The scrollbars are only one of many cues. I've observed _lots_ of usability
tests where there are scrollbars and people don't scroll because there is a
natural break in the content. When the reader is unaware of the nature of the
content they finish when they believe the content ends.

If you look at the 37signals page in contrast
<http://cl.ly/2W0w2M0w0m3z0d1D1G3r> the entire bottom part of the screen is
obvious "broken" by the bottom screen edge. Both the page ending in the middle
of the text and the grey boxes that surround each option that are not
completed are cues that there is more content. To even a very casual reader
it's obvious that there stuff below that you can scroll to see - with or
without scrollbars.

------
Rygu
I'm sorry but I have to disagree. It's not about scrolling down. It's not
about whether content below 600px is read at all. The purpose of the fold is
to capture visitors' attention immediately, and to create a desire at the
instant that they land on your page.

The 37signals' landing page is used to prove his point and the author is even
claiming that they're "giving the fold the finger". Although it seems to me
that 37signals is actually making great use of the fold to capture attention
using big headings, high contrast, lots of colors and graphics.
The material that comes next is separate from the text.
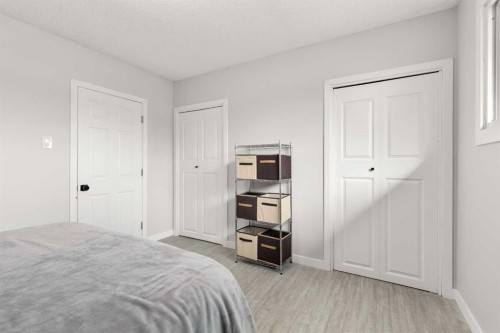 70 Colter Crescent Nw, Medicine Hat, AB - Indoor Photo Showing Bedroom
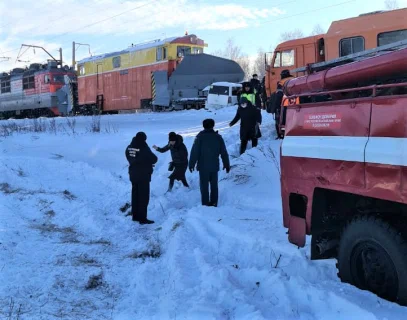 Поезд раздавил автомобиль с детьми на переезде в Алтайском крае. Трое школьников погибли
They've even
thrown in a box that says "more _praise_ from the press" so the visitors could
feel challenged to find out for themselves. Then below 600 pixels, it's just a
boring sales page. (The footer is really just a link section.)

So yes, people have learned how to scroll on web pages. But no, don't give up
on making the fold awesome and informative.

------
balloot
I don't get it. Why would someone have a website that was just some penguins
on an iceberg?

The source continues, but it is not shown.